**RECORDS SUPPLIED**
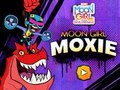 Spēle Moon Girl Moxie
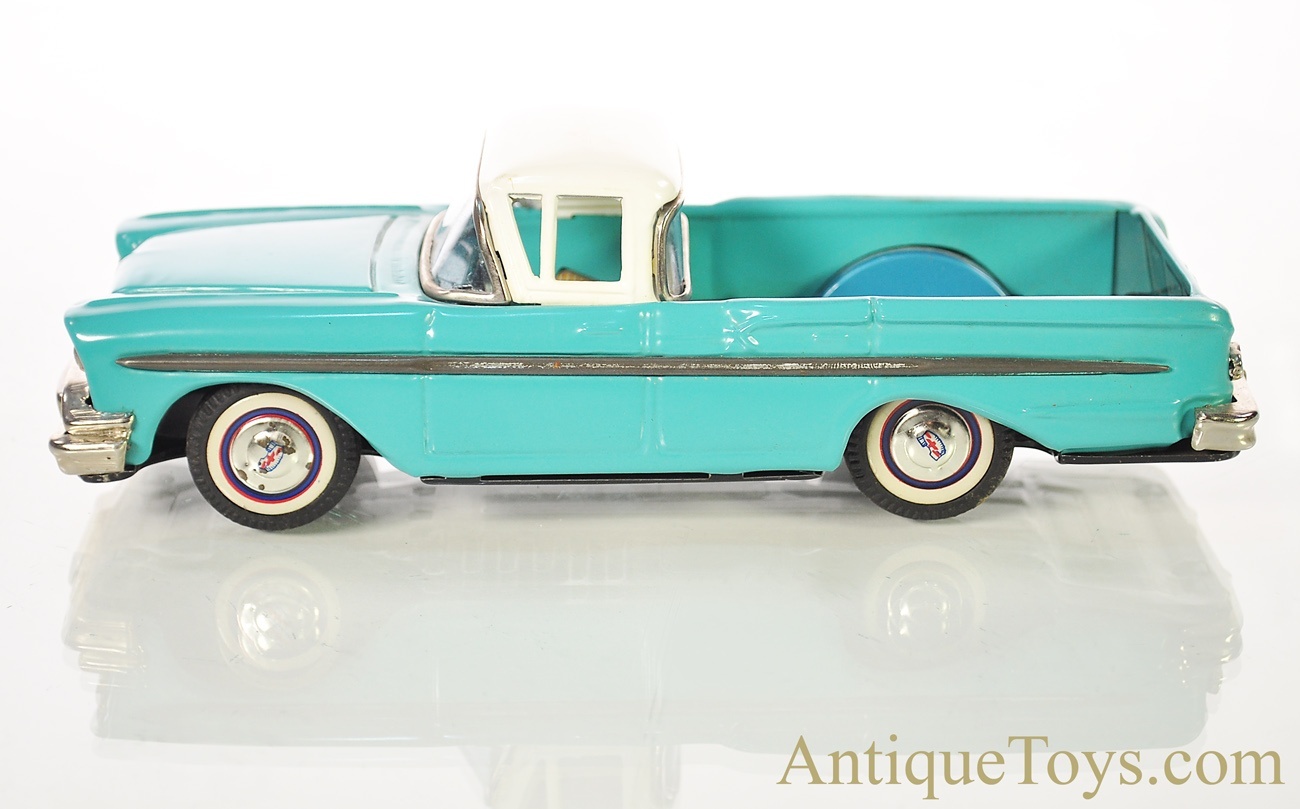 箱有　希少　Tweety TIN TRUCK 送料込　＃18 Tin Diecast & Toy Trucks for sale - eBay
...
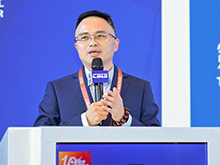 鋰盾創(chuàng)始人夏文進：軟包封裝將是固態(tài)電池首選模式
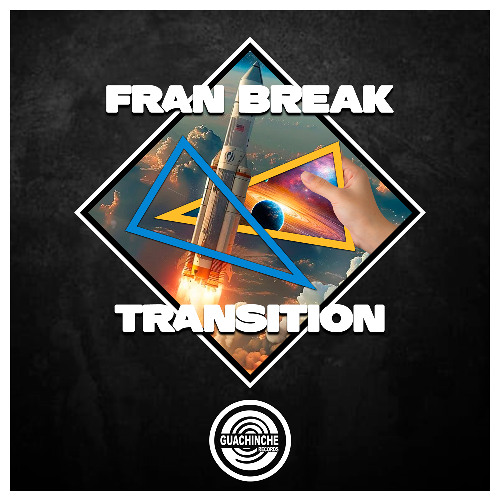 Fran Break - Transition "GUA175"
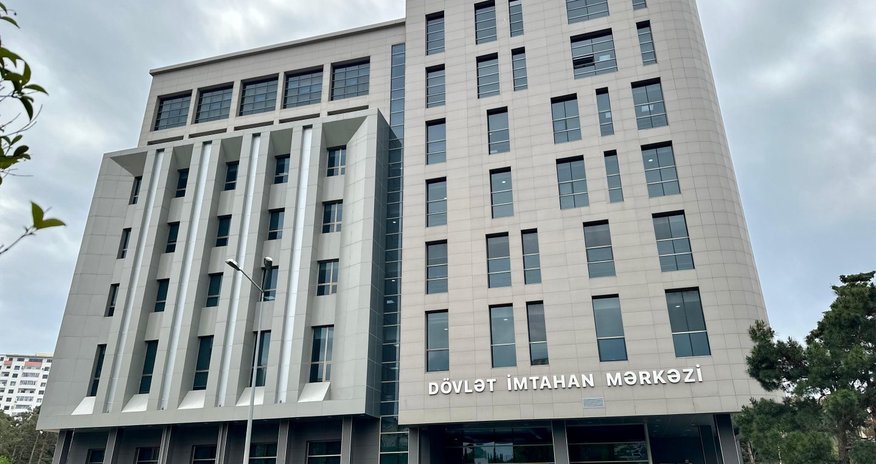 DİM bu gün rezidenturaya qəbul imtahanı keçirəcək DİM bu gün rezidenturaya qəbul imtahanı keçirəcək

**TASK REQUIREMENTS**
Look through the listing above for the line with "Fran Break - Transition" and the line with "DİM bu gün rezidenturaya qəbul imtahanı keçirəcək DİM". Write out exactly those lines and everything between, leaving out pictures.

**RESULT OF THE TASK**
 Fran Break - Transition "GUA175"
 DİM bu gün rezidenturaya qəbul imtahanı keçirəcək DİM bu gün rezidenturaya qəbul imtahanı keçirəcək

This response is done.